Ici, surtout pas de gel, on travaille avec de la graisse !
Cet engouement vintage, William lui doit certainement une bonne partie de son succès. Malgré tout, il méprise un peu ce phénomène de mode. « Quand un truc devient à la mode, c’est un peu chiant car tu en as beaucoup qui commencent à faire de la merde ». Son problème, c’est que toute tendance vient aussi avec son lot d’imposteurs. « Ici, tu te bombardes coiffeur comme tu veux, alors il y a des nanas qui vont te faire deux rolls rétro et se prendre pour des spécialistes, mais par contre elles ne savent pas couper ». Les fausses pin-ups et l’amateurisme, William n’aime pas ça. « Parfois, il y a des idiotes qui nous demandent si on coupe les cheveux. Bah ouais ! Evidemment qu’on coupe les cheveux, c’est notre métier, on a une formation. »
William passe environ 35 minutes par tête, il structure sa coupe de manière à ce que ses clients arrivent à refaire le style, puis il passe l’autre moitié du temps à travailler les volumes avec de la cire capillaire qu’il appelle graisse, et ne lui parlez pas de gel ! « Je montre aux débutants comment faire ensuite pour appliquer la graisse et retrouver les bons volumes. » Pour les filles c’est pareil, ce qui importe c’est la coupe, le coiffage est éphémère. Si le style victory rolls et les chignons tiennent relativement bien, en moyenne trois jours, les crans à la Rita Hayworth en revanche seront effacés le lendemain.

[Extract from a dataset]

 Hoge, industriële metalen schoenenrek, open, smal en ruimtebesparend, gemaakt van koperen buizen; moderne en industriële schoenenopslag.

Une règle pour les filles tout de même, quand on vient se faire coiffer comme une pin-up, il faut agir comme telle. « Il y a beaucoup de nanas qui viennent se faire un nouveau style et quand Betty leur montre, elles ne peuvent plus se tenir, elles touchent leur cheveux ou se secouent la tête comme des lionnes. C’est tout lissé, tout cranté, il ne faut pas y toucher. Il faut se comporter comme une pin-up ! »
Bien qu’il ait construit son commerce et sa réputation sans l’aide d’un site internet, Mister Ducktail a quand même décidé d’ouvrir sa boutique en ligne et de commercialiser sa gamme de produits. C’est une entreprise française qui est venue à Londres avec l’idée de commercialiser sa graisse. Il vend aussi son shampooing à base de microbilles de silice pour retirer la graisse, des t-shirts et une bague en argent massif à son effigie et il prévoit même de se développer. Il parle d’agrandir son salon et de louer un autre local, plus tard, peut-être après l’heureux événement puisque Miss Betty est enceinte. En attendant, il lui reste du pain sur la planche et de nombreuses têtes à graisser, les trois rockers matinaux s’impatientent, Mister Ducktail reprend alors du ciseau pour opérer sa magie et remonter le temps.
Le petit coiffeur toulousain, ignoré à ses débuts, a fait de la route et gère aujourd’hui un business lucratif, prouvant une fois de plus qu’il est possible de commencer sans rien. « Au début, je n’avais pas d’argent. En France, ça avait du mal à se développer, maintenant je suis obligé de refuser des clients. » Idée originale et belle performance pour ce coiffeur au cœur de rocker qui avec son franc-parler, sa générosité et son professionnalisme a su se créer une communauté de réguliers. Alors si l’envie vous prenait d’aller vous faire graisser, vous savez où le trouver.